Stapledon’s last novel, A Man Divided, returns to the intimate and highly personal perspective of Last Men in London. It portrays with painful intensity the plight of a man who alternates between superhuman wisdom and dull conformity, not merely in intellectual terms but in moral terms as well. Its hero tries to move as Stapledon did in his philosophical work—"beyond the 'isms,'" but the task is continually confounded by his extreme emotional swings. Stapledon presumably experienced his own internal struggles with an unusual intensity and could never resolve them, but they were the spur that drove his vaulting imagination to limits no one else had reached. Although his work can be uncomfortable to read, the discomfort is of a kind that nourishes the intellect. His writing continually gravitates toward despair, yet it never ceases to rage against that end.

Author Works

Long Fiction:

Last and First Men, 1930

Last Men in London, 1932

Odd John: A Story Between Jest and Earnest, 1935

Star Maker, 1937

Darkness and the Light, 1942

Sirius: A Fantasy of Love and Discord, 1944

Death into Life, 1946

The Flames, 1947

A Man Divided, 1950

Nebula Maker, 1976

Short Fiction:

Old Man in New World, 1944

Far Future Calling: Uncollected Science Fiction and Fantasies of Olaf Stapledon, 1979 (Sam Moskowitz, editor)

Nonfiction:

A Modern Theory of Ethics, 1929

Waking World, 1934

Philosophy and Living, 1939 (2 volumes)

New Hope for Britain, 1939

Beyond the "Isms," 1942

Youth and Tomorrow, 1946

The Opening of the Eyes, 1954 (Agnes Z. Stapledon, editor)

Miscellaneous:

An Olaf Stapledon Reader, 1997

Bibliography

Crossley, Robert. Olaf Stapledon: Speaking for the Future. Syracuse, N.Y.: Syracuse University Press, 1994. A detailed and scrupulously scholarly biography. Includes bibliography and index.
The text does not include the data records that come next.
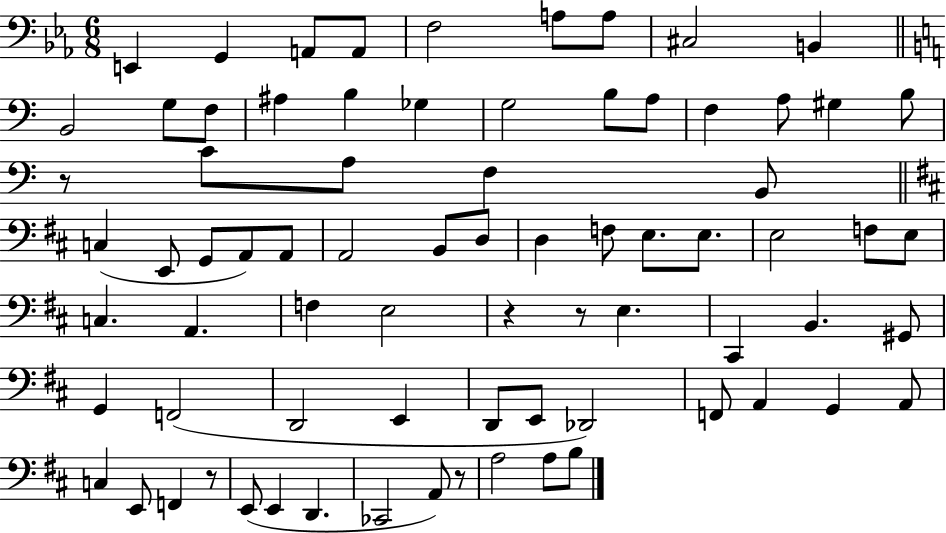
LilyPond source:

{
  \clef bass
  \numericTimeSignature
  \time 6/8
  \key ees \major
  \repeat volta 2 { e,4 g,4 a,8 a,8 | f2 a8 a8 | cis2 b,4 | \bar "||" \break \key a \minor b,2 g8 f8 | ais4 b4 ges4 | g2 b8 a8 | f4 a8 gis4 b8 | \break r8 c'8 a8 f4 b,8 | \bar "||" \break \key d \major c4( e,8 g,8 a,8) a,8 | a,2 b,8 d8 | d4 f8 e8. e8. | e2 f8 e8 | \break c4. a,4. | f4 e2 | r4 r8 e4. | cis,4 b,4. gis,8 | \break g,4 f,2( | d,2 e,4 | d,8 e,8 des,2) | f,8 a,4 g,4 a,8 | \break c4 e,8 f,4 r8 | e,8( e,4 d,4. | ces,2 a,8) r8 | a2 a8 b8 | \break } \bar "|."
} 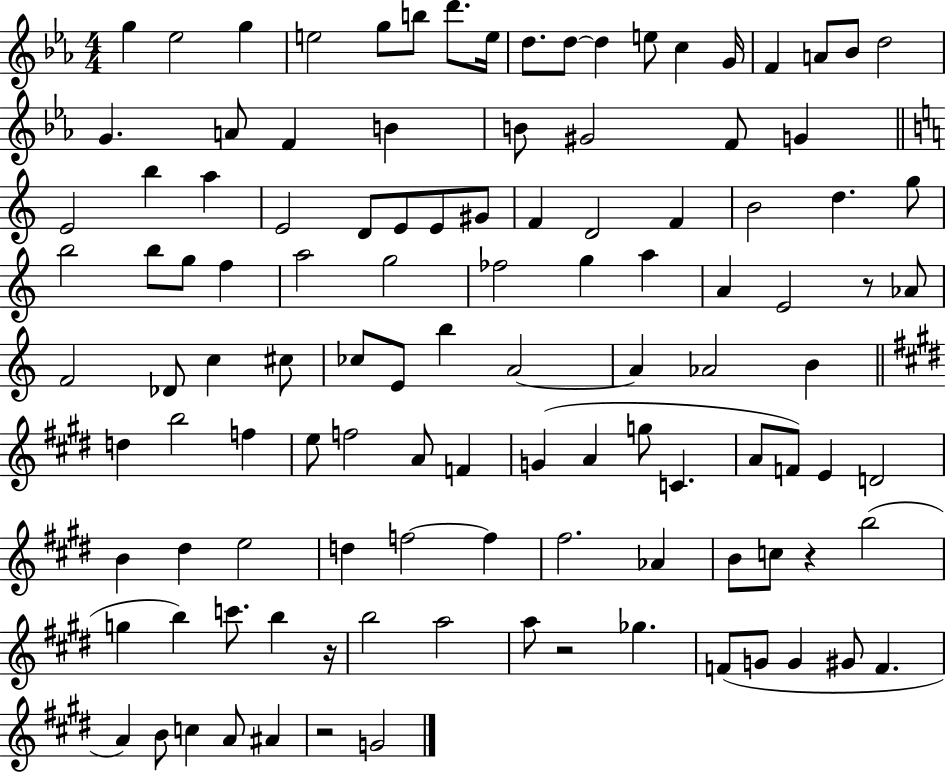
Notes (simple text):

G5/q Eb5/h G5/q E5/h G5/e B5/e D6/e. E5/s D5/e. D5/e D5/q E5/e C5/q G4/s F4/q A4/e Bb4/e D5/h G4/q. A4/e F4/q B4/q B4/e G#4/h F4/e G4/q E4/h B5/q A5/q E4/h D4/e E4/e E4/e G#4/e F4/q D4/h F4/q B4/h D5/q. G5/e B5/h B5/e G5/e F5/q A5/h G5/h FES5/h G5/q A5/q A4/q E4/h R/e Ab4/e F4/h Db4/e C5/q C#5/e CES5/e E4/e B5/q A4/h A4/q Ab4/h B4/q D5/q B5/h F5/q E5/e F5/h A4/e F4/q G4/q A4/q G5/e C4/q. A4/e F4/e E4/q D4/h B4/q D#5/q E5/h D5/q F5/h F5/q F#5/h. Ab4/q B4/e C5/e R/q B5/h G5/q B5/q C6/e. B5/q R/s B5/h A5/h A5/e R/h Gb5/q. F4/e G4/e G4/q G#4/e F4/q. A4/q B4/e C5/q A4/e A#4/q R/h G4/h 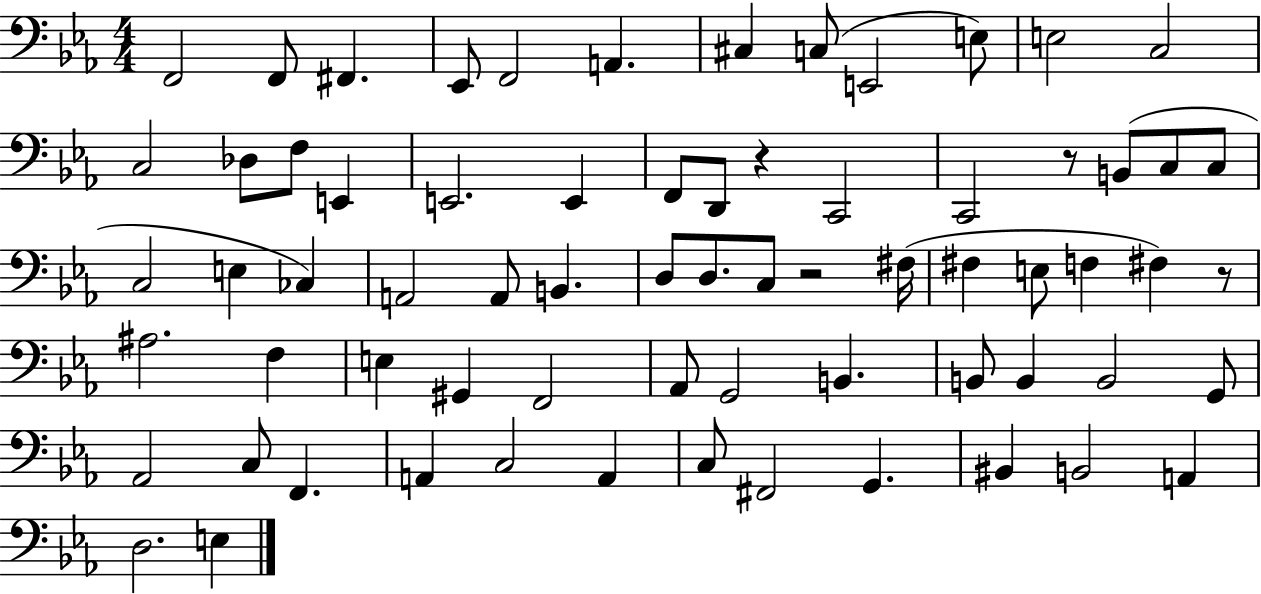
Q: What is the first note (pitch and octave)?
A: F2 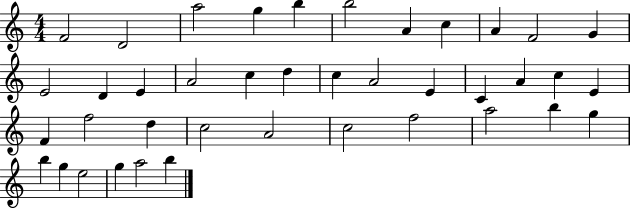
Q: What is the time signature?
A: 4/4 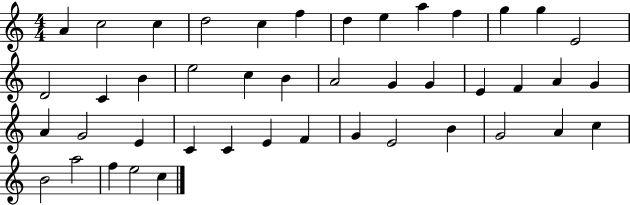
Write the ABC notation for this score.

X:1
T:Untitled
M:4/4
L:1/4
K:C
A c2 c d2 c f d e a f g g E2 D2 C B e2 c B A2 G G E F A G A G2 E C C E F G E2 B G2 A c B2 a2 f e2 c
Fiedler, Leslie A. Olaf Stapledon: A Man Divided. New York: Oxford University Press, 1983. A rather combative commentary on the moral import of Stapledon’s novels.

McCarthy, Patrick A., et al., eds. The Legacy of Olaf Stapledon: Critical Essays and an Unpublished Manuscript. New York: Greenwood Press, 1989. A collection of essays that includes several previously unpublished "Letters to the Future" by Stapledon.

Satty, Harvey, and Curtis C. Smith. Olaf Stapledon: A Bibliography. Westport, Conn.: Greenwood Press, 1984. Admirably comprehensive bibliography. Includes index.

"Stapledon, Olaf." The Encyclopedia of Science Fiction, 4 Apr. 2017, www.sf-encyclopedia.com/entry/stapledon‗olaf. Accessed 18 Apr. 2017.